Il n’existe pas de pouvoir sans peuple. Pourtant, tous ceux qui veulent s’éterniser au pouvoir le font en méprisant leur peuple. Tout régime entretenant son peuple par le mépris, la tromperie, la querelle et le mensonge finira tôt ou tard par être balayé par la vindicte populaire. Que chacun prenne ses responsabilités car « il n’y a pas de destin forclos, il n’y a que des responsabilités désertées », disait Frantz Fanon.

Docteur El Hadji Séga GUEYE- Sociologue, enseignant chercheur.
Contact : [email protected]

3 Commentaires

  1. Moi j’ai trois questions lourdes à lui poser 4 autres qui seront des questions subsidiaires :
    1. Maintient-il ses prises de position opportunistes avec les « amis de kémi séba » favorables à une sortie du CFA ? S’il le fait, je ne voterai pas pour lui.
    2. Quelles sont ses relations avec le mouvement Jamatou Ibadou al rahmane ? (question déjà posée par fatou thiam) S’il est Ibadou rahmane je préfère ne pas m’aventurer à lui confier mon destin.
    3. Qui sont ses bailleurs de fonds actuels (question déjà posée par fatou thiam) pour un fonctionnaire qui a été radié de la fonction publique ? Si ses bailleurs sont des lobbies occultes (réponse genre des amis qui me soutiennent) et venant de la diaspora, je ne serai pas prêt à voter pour lui.
    4. Va t il réduire de 75% toutes les caisses noires et les ramener juste à 20 milliards par an comme du temps de Abdou Diouf et réduire drastiquement le train de vie drastique de l’Exécutif, de la Magistrature et du Parlement ?
    5. Va t il continuer à privilégier nos relations bilatérales avec le monde occidental (France, USA, Allemagne, Canada etc.) ? Si ce n’est pas le cas, je ne voterai pas pour lui.
    6. Va t il nous ôter du pieds cet engagement diplomatique vicieux, atavique et stérile que nous avons avec la Palestine et le monde arabe ?
    7. Va t il pousser les forces de la Cedeao à s’investir sur le terrain dans la lutte efficace contre le terrorisme au Mali, au Tchad et surtout à côté de nos frères nigérians contre Boko Haram, Aqmi, etc ?

    SUR CES QUESTIONS SI LA REPONSE M EST ACCEPTABLE ET DIRECTE ALORS IL SERA MON CANDIDAT. A DEFAUT IL NE SERAIT PAS RASSURANT ET MEME IL SERAIT HASARDEUX DE LUI CONFIER LE PAYS.

    MIEUX VAUT PRESERVER LE STATU QUO ET VOTER POUR LE CANDIDAT MACKY SALL. LE SEUL QUI SOIT RASSURANT DANS LE CONTEXTE ACTUEL;

    • La fin de ton commentaire montre que tu n’es qu’un hypocrite qui fait semblant de poser des débats d’idées.
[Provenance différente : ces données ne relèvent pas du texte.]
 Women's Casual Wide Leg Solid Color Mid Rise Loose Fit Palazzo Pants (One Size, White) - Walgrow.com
Si tu t’appliquais ton semblant de rigueur, tu ne voterai jamais pour Macky, un homme au quotient intellectuel limité qui a volé des milliards de l’argent public dans un des pays les plus pauvres au monde ou l’éducation et la santé sont à terre. Nos dirigeants répugnent tellement notre système de santé qu’ils se soignent à l’étranger, préférant laisser nos hôpitaux crasseux à ceux qu’ils volent. Tu joues les intello, alors que tu n’es qu’un ignare.
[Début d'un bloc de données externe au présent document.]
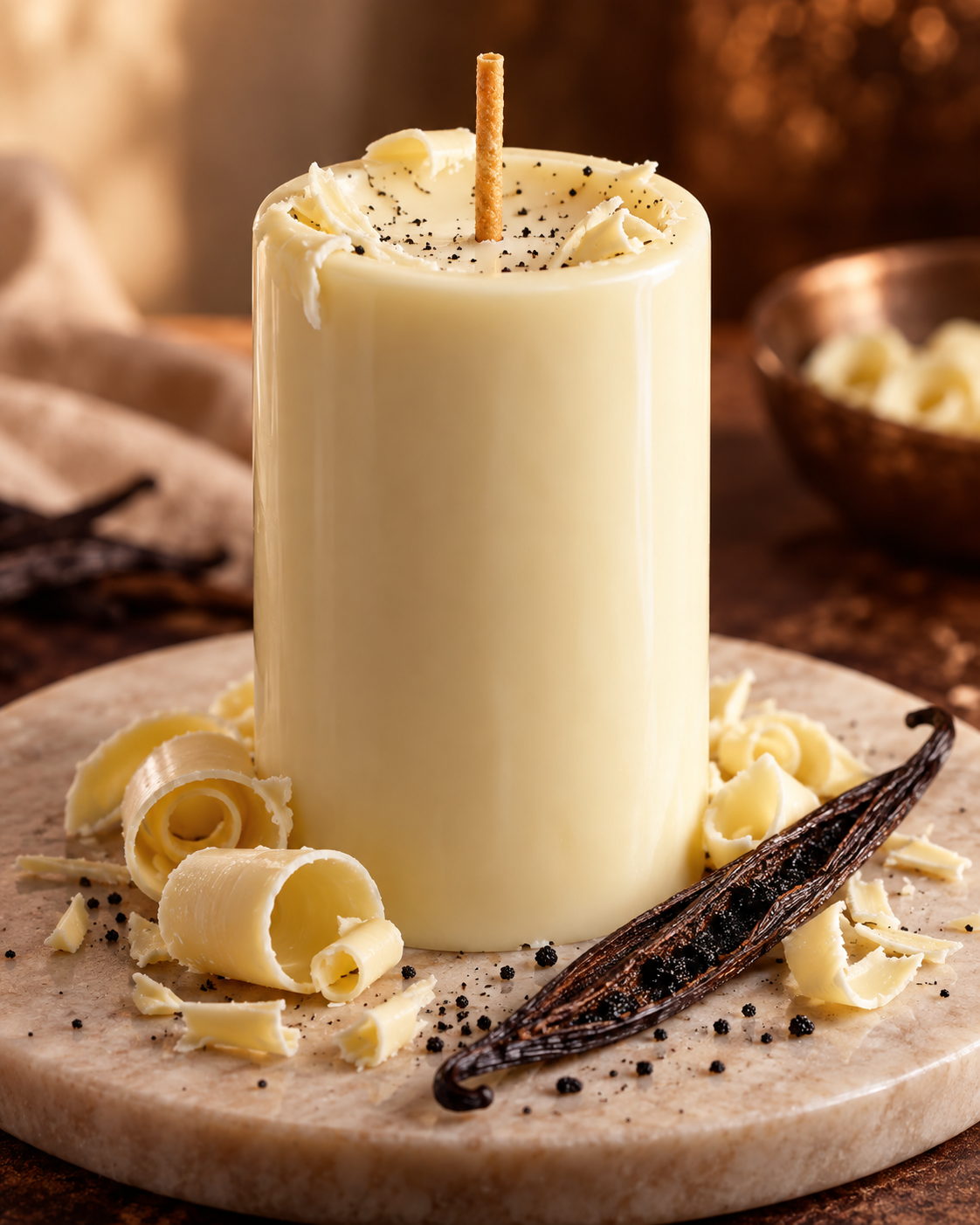 Vela comestível: Vela de Chocolate Branco e Baunilha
      Tes questions idiotes ne méritent pas réponse. Tu as déjà choisi le vol, le mensonge, les caisses noires à milliards et l’instrumentalisation de la justice incarnés par Macky. Le bien être du Sénégal est la dernière chose qui te préoccupe. Peut être es tu un de ces vampires du système qui font que l’Afrique est un continent arriéré et la risée du monde, tellement la corruption nous ravage.

      Pauvre de nous. Notre sous-développement mental est encore pire que notre sous-développement financier.